Material provided →

+-------+

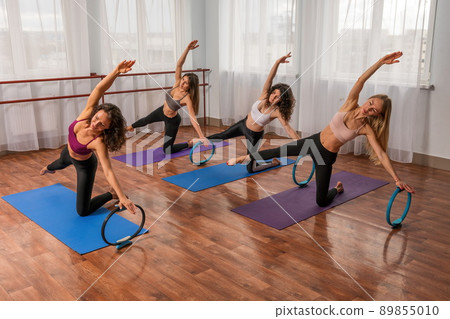 Group of young womans with magic pilates ring in Sportswear Leggings and Tops, stretching in the gym, on a yoga mat near the large window on a sunny day, female fitness yoga routine concept Group of young womans with magic pilates ring in Sportswear Leggings and Tops, stretching in the gym, on a yoga mat near the large window on a sunny day, female fitness yoga routine concept 89855010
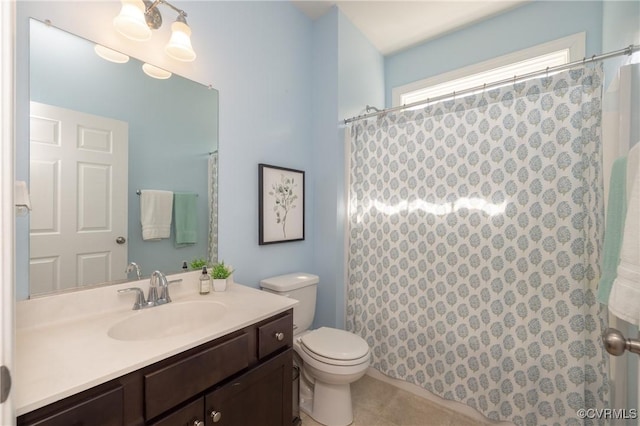 bathroom featuring toilet, curtained shower, and vanity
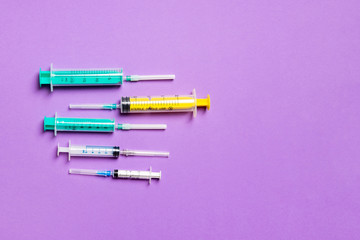 Top view of different syringes at purple background. Medical injection concept with copy space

+-------+

What you need to do → Where the data contains an image, skip the image and copy everything else exactly as it appears.

Response below →
 Group of young womans with magic pilates ring in Sportswear Leggings and Tops, stretching in the gym, on a yoga mat near the large window on a sunny day, female fitness yoga routine concept Group of young womans with magic pilates ring in Sportswear Leggings and Tops, stretching in the gym, on a yoga mat near the large window on a sunny day, female fitness yoga routine concept 89855010
 bathroom featuring toilet, curtained shower, and vanity
 Top view of different syringes at purple background. Medical injection concept with copy space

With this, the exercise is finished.